Caballo de Troya
J. J. Benítez
En una de las esquinas chisporroteaban algunos troncos, alimentados por el fuerte tiro del
hogar. El fogón cumplía una doble misión. De una parte, servir de calefacción en los rudos
meses invernales y, por otra, permitir la preparación de los alimentos. Para ello, los
propietarios habían levantado a escasa distancia de la chimenea propiamente dicha un murete
circular de unos treinta centímetros de altura, formado por cuatro capas en las que alternaban
el barro y los cascotes. En su interior, entre las brasas, se depositaban los pucheros, así como
unas bateas convexas que servían para cocer tortas hechas con masa sin levadura. Cuando se
deseaba cocinar sin la aplicación directa del fuego, las mujeres depositaban unas piedras planas
sobre la candela. Una vez caldeadas, las brasas eran apartadas y el guiso se realizaba sobre las
piedras.
En casi todas las paredes habían sido dispuestas alacenas y repisas de madera en las que se
alineaban lebrillos, bandejas, soperas y otros enseres, la mayoría de barro o bronce.
En el muro opuesto al fogón, y enterradas como una cuarta en el piso, se distinguían dos
grandes y abombadas tinajas, de una tonalidad rojiza acastañada. Alcanzaban algo más de un
metro de altura y, según me comentaría Marta días después, eran destinadas al consumo diario
de grano y vino. Una de ellas, en especial, era tenida en gran aprecio por Lázaro y su familia.
Había sido rescatada muchos años atrás en las cercanías de la ciudad de Hebrón y había
pertenecido -según el sello real que presentaba una de sus cuatro asas- a los viñedos reales. En
una minuciosa inspección posterior pude corroborar que, en efecto, la tinaja en cuestión
presentaba un registro superior con las letras «lmlk», que significaban «perteneciente al rey».
Su capacidad -sensiblemente inferior a la de la tinaja destinada al trigo- era de dos «batos»
israelitas1. Siempre permanecía herméticamente cerrada con una tapa de barro, sujeta a su vez
con bandas de tela.
El techo del aposento, situado a dos metros, estaba cruzado por seis vigas de madera,
probablemente coníferas, muy abundantes en los alrededores. Otras partes techadas de la
casa, excepción hecha de las terrazas, presentaban una construcción menos sólida. La cuadra y
el almacén de los aperos propios del campo, por ejemplo, hablan sido cubiertos con materiales
muy combustibles: paja mezclada con barro y cal. Este tipo de techumbre -según me explicó
Lázaro- tenía un gran inconveniente. Cada vez que llovía era necesario alisaría de nuevo, con el
fin de consolidar el material de la superficie y evitar las goteras. Para ello se valían de pequeños
rodillos de piedra de unos sesenta centímetros de longitud.
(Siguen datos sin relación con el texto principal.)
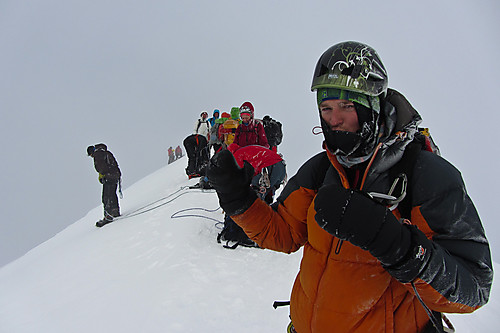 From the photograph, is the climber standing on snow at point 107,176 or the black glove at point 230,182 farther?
the climber standing on snow at point 107,176

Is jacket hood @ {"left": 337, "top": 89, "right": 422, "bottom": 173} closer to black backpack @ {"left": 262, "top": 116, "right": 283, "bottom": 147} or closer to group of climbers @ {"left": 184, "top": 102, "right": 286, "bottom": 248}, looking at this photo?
group of climbers @ {"left": 184, "top": 102, "right": 286, "bottom": 248}

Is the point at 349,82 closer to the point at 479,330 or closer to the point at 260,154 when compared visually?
the point at 260,154

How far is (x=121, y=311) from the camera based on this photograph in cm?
329

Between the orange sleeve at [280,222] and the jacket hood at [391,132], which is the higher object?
the jacket hood at [391,132]

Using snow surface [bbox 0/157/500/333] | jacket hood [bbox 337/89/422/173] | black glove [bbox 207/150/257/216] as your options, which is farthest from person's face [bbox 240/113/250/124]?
jacket hood [bbox 337/89/422/173]

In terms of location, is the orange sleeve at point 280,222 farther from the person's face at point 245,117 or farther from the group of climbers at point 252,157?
the person's face at point 245,117

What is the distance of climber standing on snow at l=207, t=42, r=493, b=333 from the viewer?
0.96 metres

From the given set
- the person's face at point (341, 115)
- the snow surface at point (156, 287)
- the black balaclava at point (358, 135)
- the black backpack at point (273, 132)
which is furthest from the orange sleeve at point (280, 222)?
the black backpack at point (273, 132)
Lázaro y los restantes hebreos se situaron en torno al crepitante luego y tomaron asiento
sobre algunas de las pieles de cabra que alfombraban el piso. Yo hice otro tanto y me dispuse
al diálogo.
En ese momento, una mujer entró en la sala. Llevaba en su mano izquierda una frágil astilla
encendida. Sin decir palabra fue recorriendo las seis lámparas de barro que colgaban a lo largo
de las blancas paredes y que contenían aceite. Tras prenderías, tomó una lucerna -también de
arcilla- e introdujo la llama de su improvisada antorc ha por la boca del campanudo recipiente.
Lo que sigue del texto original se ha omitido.